Lines to restate from the data below: from the one containing "Amazon Basics Fast" to the one containing "König Johann vor", both included. Give them again exactly, and only them.
--- Dataset records Enclosed Below ---
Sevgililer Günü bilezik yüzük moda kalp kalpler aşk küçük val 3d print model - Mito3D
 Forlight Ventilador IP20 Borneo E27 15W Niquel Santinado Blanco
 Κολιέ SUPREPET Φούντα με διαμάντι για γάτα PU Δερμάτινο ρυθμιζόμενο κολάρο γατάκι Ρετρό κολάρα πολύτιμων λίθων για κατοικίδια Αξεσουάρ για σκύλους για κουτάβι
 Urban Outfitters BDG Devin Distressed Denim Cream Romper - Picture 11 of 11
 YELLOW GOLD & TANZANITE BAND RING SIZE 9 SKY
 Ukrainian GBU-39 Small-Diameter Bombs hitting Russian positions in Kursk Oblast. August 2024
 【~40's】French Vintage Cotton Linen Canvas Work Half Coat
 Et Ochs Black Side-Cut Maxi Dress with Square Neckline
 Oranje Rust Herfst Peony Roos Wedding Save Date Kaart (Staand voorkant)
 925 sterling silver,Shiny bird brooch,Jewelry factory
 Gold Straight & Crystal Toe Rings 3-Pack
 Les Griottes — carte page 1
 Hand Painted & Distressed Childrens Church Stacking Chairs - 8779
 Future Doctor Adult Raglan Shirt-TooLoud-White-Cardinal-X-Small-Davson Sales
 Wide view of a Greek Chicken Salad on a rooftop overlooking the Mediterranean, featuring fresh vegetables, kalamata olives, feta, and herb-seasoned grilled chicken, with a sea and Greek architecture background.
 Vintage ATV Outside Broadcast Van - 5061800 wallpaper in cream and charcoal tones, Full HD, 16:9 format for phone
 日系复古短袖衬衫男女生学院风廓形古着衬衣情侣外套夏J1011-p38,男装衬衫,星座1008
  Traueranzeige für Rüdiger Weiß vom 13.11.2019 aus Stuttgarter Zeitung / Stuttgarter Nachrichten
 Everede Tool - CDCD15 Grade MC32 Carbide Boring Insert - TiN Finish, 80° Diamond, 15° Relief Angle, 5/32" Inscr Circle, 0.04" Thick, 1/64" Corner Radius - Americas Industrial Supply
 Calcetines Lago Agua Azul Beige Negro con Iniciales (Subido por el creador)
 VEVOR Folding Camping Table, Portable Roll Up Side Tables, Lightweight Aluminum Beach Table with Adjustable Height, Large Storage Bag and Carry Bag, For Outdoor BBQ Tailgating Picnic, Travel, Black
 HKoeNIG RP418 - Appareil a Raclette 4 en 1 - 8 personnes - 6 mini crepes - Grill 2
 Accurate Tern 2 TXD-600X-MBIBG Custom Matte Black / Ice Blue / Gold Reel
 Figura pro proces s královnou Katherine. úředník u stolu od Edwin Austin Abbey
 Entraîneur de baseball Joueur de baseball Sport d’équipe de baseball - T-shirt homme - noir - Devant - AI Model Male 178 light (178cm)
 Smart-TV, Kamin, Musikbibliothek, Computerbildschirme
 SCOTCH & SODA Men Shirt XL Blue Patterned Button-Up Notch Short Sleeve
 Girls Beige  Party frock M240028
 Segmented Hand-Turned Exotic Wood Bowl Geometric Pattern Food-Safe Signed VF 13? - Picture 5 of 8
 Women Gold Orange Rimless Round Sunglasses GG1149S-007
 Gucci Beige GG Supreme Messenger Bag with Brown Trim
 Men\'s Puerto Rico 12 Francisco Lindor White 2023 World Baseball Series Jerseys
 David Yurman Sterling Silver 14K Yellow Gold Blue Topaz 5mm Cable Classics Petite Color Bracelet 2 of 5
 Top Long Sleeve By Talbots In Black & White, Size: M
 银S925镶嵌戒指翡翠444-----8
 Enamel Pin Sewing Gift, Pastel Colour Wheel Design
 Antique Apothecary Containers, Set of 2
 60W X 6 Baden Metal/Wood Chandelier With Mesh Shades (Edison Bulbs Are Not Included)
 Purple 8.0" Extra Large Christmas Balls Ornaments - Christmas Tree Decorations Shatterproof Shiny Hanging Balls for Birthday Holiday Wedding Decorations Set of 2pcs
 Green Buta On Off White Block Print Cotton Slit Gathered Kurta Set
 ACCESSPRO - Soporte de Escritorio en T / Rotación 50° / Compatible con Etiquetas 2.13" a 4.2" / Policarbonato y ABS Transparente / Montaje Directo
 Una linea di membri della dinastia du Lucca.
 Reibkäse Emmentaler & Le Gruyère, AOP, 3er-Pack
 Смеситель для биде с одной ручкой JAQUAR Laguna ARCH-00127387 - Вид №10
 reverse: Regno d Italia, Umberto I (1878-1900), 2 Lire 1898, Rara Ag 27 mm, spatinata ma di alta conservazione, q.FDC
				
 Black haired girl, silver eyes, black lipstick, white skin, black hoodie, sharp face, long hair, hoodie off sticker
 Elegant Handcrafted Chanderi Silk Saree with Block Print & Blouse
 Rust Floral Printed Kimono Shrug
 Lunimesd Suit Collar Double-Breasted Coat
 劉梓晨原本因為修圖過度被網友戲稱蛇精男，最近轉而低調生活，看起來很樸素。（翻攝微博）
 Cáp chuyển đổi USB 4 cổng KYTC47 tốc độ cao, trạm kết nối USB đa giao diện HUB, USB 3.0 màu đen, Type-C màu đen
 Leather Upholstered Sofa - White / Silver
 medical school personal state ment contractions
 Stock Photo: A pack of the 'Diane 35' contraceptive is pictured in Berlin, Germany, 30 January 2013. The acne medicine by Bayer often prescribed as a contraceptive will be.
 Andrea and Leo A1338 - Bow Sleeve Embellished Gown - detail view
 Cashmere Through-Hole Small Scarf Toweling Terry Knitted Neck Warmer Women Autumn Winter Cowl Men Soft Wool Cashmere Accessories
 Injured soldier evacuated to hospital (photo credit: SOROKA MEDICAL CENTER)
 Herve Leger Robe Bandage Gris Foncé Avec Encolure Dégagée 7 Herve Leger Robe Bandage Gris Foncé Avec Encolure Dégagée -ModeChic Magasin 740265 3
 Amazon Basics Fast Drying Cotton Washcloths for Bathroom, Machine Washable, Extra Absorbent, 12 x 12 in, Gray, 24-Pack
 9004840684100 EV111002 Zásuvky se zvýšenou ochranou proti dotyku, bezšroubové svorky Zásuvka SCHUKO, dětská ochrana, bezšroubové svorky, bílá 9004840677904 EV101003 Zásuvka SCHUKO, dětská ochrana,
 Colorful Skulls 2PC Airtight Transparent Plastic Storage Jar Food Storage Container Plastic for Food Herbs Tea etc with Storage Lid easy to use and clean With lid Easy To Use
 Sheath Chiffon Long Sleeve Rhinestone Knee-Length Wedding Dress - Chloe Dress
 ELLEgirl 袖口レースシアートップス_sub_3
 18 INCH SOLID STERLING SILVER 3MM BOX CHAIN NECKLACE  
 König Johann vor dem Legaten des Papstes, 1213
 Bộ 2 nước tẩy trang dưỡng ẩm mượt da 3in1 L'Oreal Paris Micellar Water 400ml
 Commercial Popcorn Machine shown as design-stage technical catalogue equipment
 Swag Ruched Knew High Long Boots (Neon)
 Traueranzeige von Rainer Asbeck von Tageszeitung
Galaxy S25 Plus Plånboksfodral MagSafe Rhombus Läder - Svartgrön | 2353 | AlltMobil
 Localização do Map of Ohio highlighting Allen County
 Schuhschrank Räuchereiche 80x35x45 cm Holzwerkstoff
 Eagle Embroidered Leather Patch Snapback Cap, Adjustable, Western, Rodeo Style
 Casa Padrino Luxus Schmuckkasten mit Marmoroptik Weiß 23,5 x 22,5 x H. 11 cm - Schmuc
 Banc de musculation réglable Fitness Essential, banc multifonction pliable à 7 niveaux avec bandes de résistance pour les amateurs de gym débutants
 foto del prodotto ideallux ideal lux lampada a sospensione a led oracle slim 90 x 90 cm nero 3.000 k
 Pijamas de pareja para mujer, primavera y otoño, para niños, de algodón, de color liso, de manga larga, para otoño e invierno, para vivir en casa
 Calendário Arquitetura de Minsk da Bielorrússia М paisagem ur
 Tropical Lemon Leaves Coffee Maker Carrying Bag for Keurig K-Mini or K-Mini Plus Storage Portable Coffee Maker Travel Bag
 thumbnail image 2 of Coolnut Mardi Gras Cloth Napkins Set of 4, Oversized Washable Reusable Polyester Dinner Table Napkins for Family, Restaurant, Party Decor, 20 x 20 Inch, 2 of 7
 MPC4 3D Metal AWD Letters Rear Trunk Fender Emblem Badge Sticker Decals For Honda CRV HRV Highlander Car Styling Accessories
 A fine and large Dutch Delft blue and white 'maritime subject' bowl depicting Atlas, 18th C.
--- End of Enclosed Dataset records ---
Response to this exercise →
 Amazon Basics Fast Drying Cotton Washcloths for Bathroom, Machine Washable, Extra Absorbent, 12 x 12 in, Gray, 24-Pack
 9004840684100 EV111002 Zásuvky se zvýšenou ochranou proti dotyku, bezšroubové svorky Zásuvka SCHUKO, dětská ochrana, bezšroubové svorky, bílá 9004840677904 EV101003 Zásuvka SCHUKO, dětská ochrana,
 Colorful Skulls 2PC Airtight Transparent Plastic Storage Jar Food Storage Container Plastic for Food Herbs Tea etc with Storage Lid easy to use and clean With lid Easy To Use
 Sheath Chiffon Long Sleeve Rhinestone Knee-Length Wedding Dress - Chloe Dress
 ELLEgirl 袖口レースシアートップス_sub_3
 18 INCH SOLID STERLING SILVER 3MM BOX CHAIN NECKLACE  
 König Johann vor dem Legaten des Papstes, 1213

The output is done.